Task details: An exact, complete copy of the entries is needed, with the pictures left out.

Supplied entries Block Start

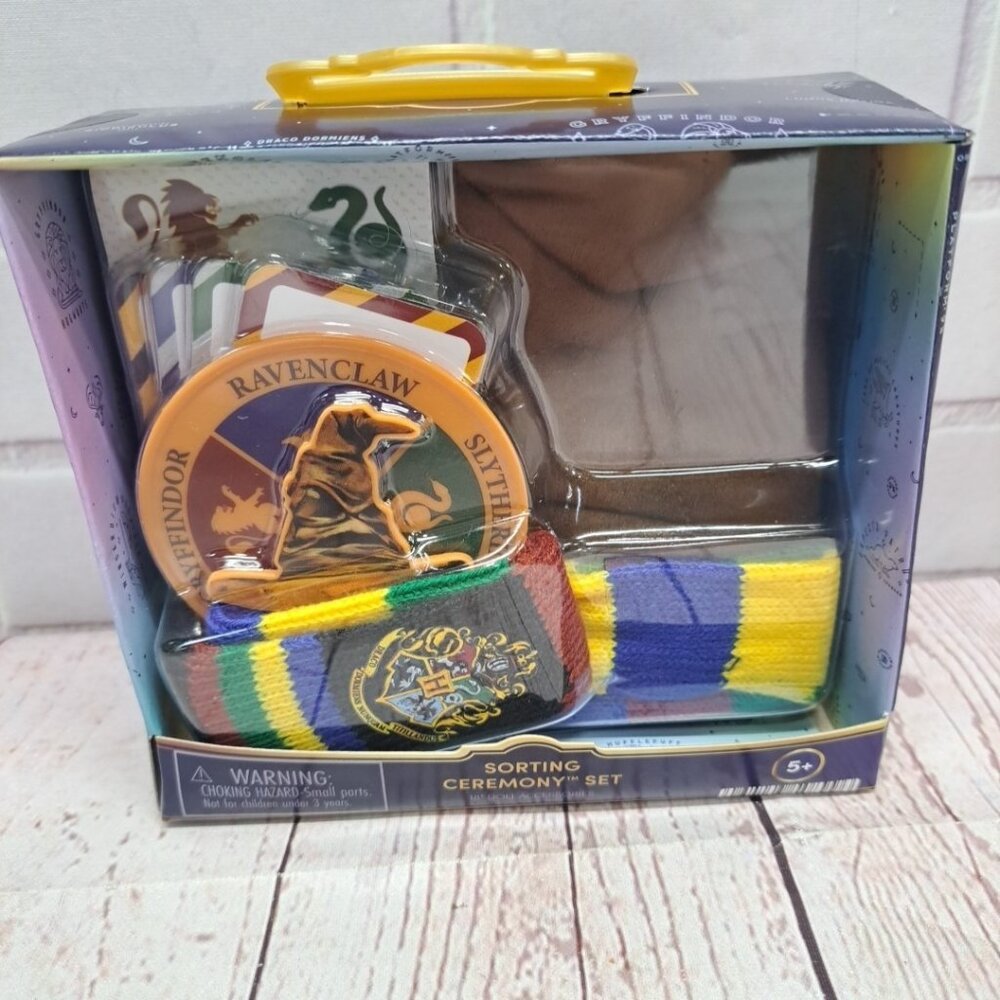 Harry Potter Sorting Hat Hogwarts Ceremony Accessories 18in‎ Doll Toy New In Box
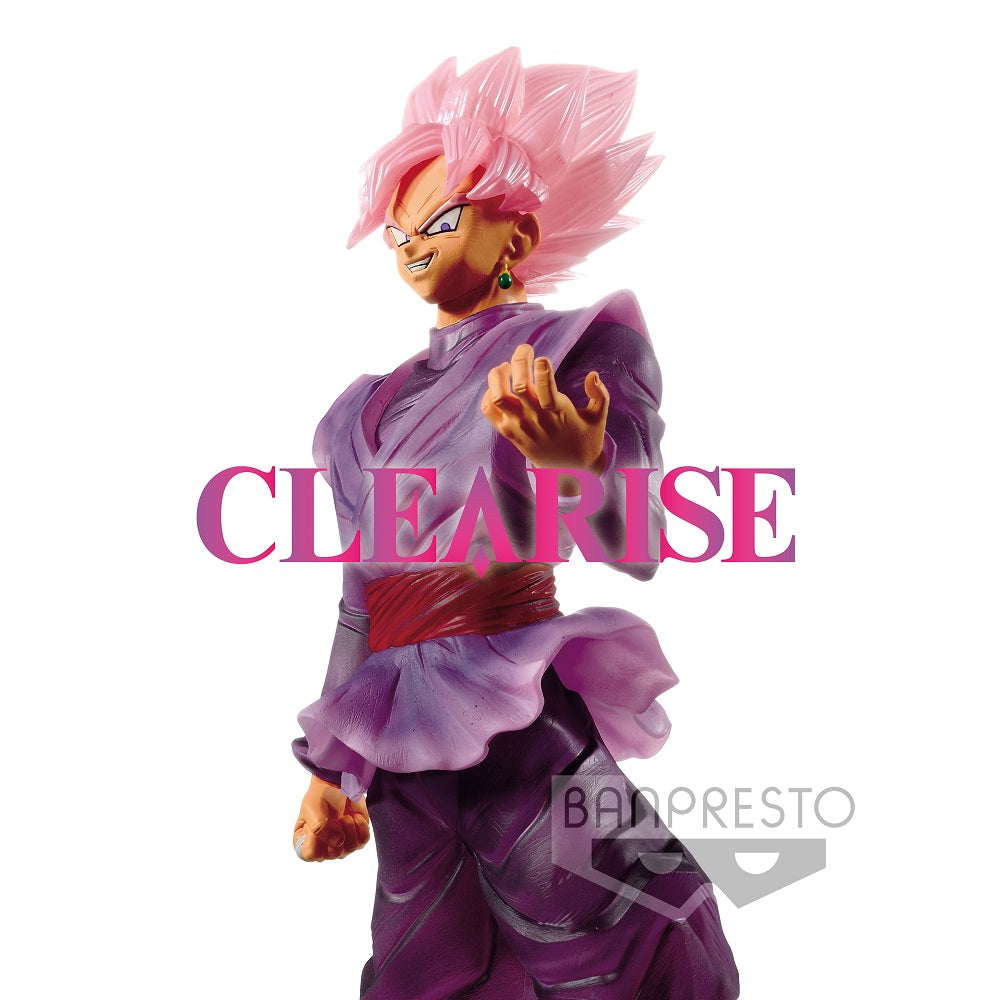 Dragon Ball Super Clearise &quot;Super Saiyan Rose Goku Black&quot;-Bandai-Ace Cards &amp; Collectibles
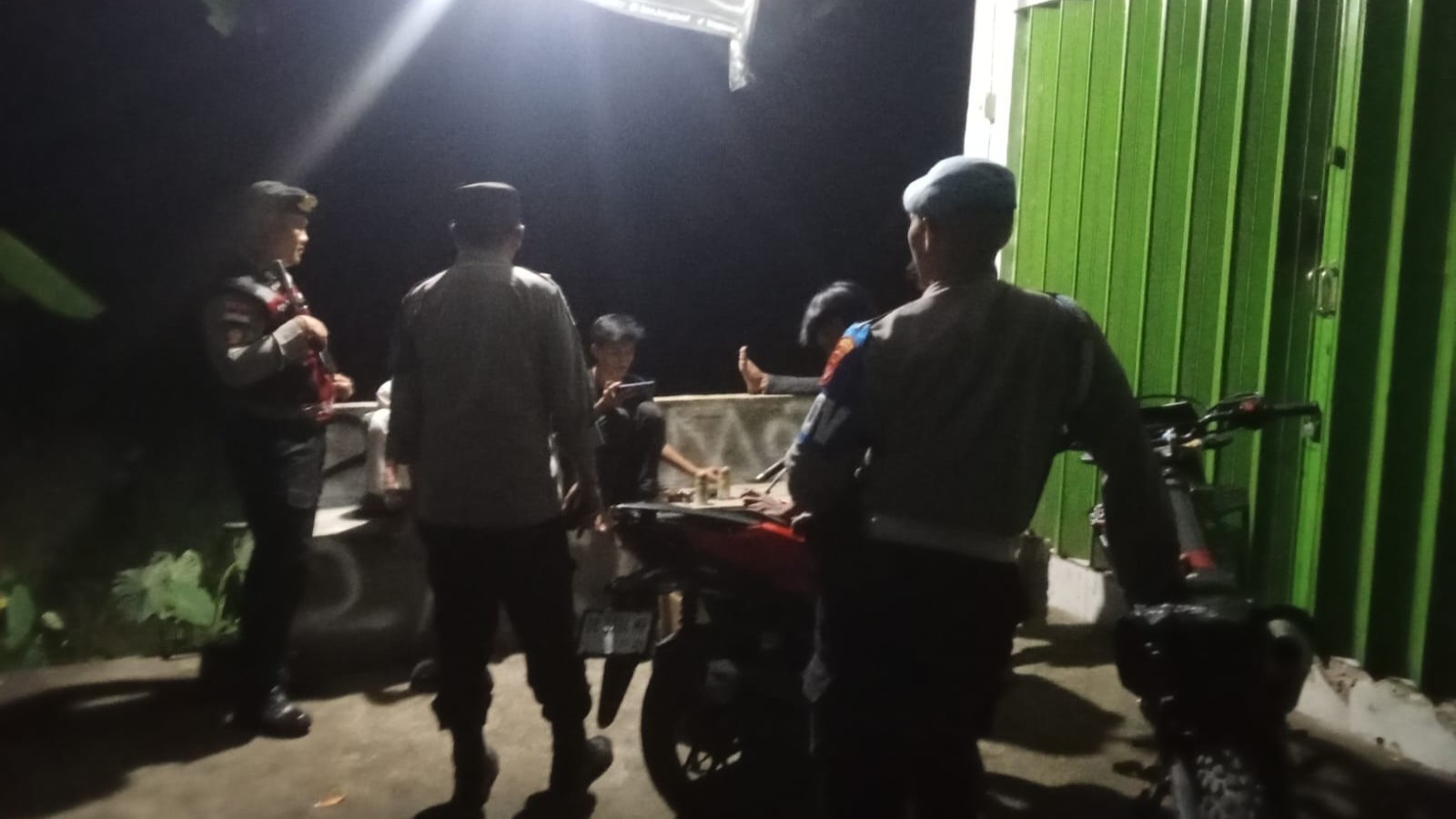 Polsek Sekotong Gencarkan Cooling System di Lombok Barat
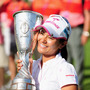 宮里藍のLPGA女子ゴルフツアー優勝9大会を振り返る番組をWOWOWが放送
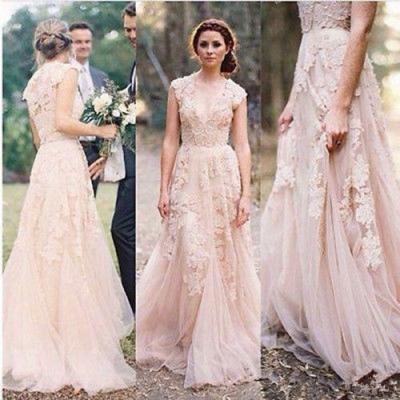 Custom Made Lace Wedding Dresses, Dresses For Wedding Dresses, Wedding Gowns,Bride dress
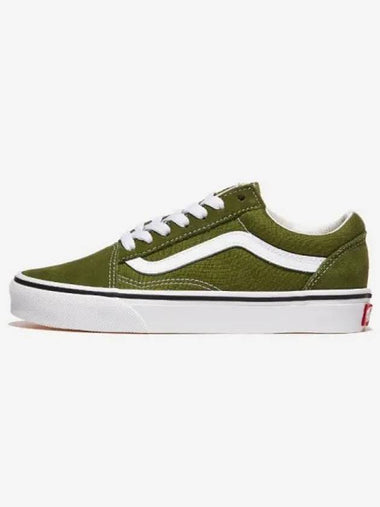 Old School Color THEORY PESTO - VANS - BALAAN 1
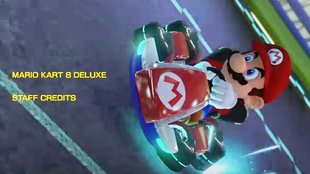 Mario Kart 8 Deluxe: Abspann und Credits überspringen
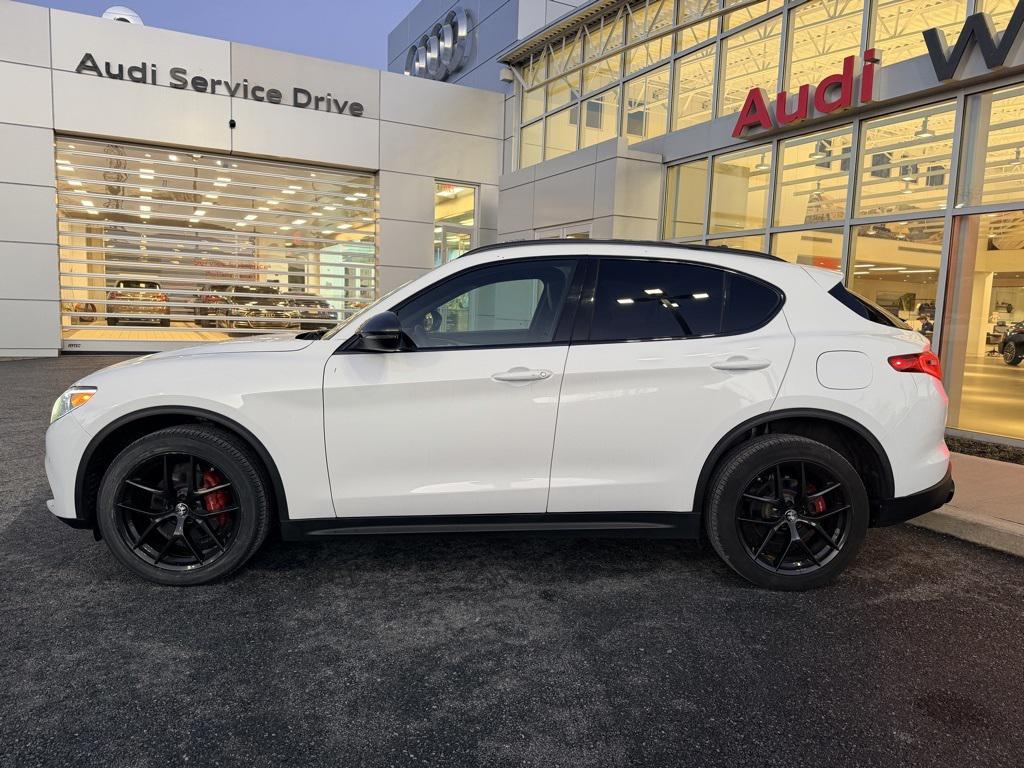 used 2019 Alfa Romeo Stelvio car, priced at $15,644
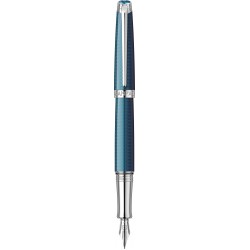 Stilou Grand Bleu SRT cu penita aur 18K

Supplied entries Block End

Solved exercise:
 Harry Potter Sorting Hat Hogwarts Ceremony Accessories 18in‎ Doll Toy New In Box
 Dragon Ball Super Clearise &quot;Super Saiyan Rose Goku Black&quot;-Bandai-Ace Cards &amp; Collectibles
 Polsek Sekotong Gencarkan Cooling System di Lombok Barat
 宮里藍のLPGA女子ゴルフツアー優勝9大会を振り返る番組をWOWOWが放送
 Custom Made Lace Wedding Dresses, Dresses For Wedding Dresses, Wedding Gowns,Bride dress
 Old School Color THEORY PESTO - VANS - BALAAN 1
 Mario Kart 8 Deluxe: Abspann und Credits überspringen
 used 2019 Alfa Romeo Stelvio car, priced at $15,644
 Stilou Grand Bleu SRT cu penita aur 18K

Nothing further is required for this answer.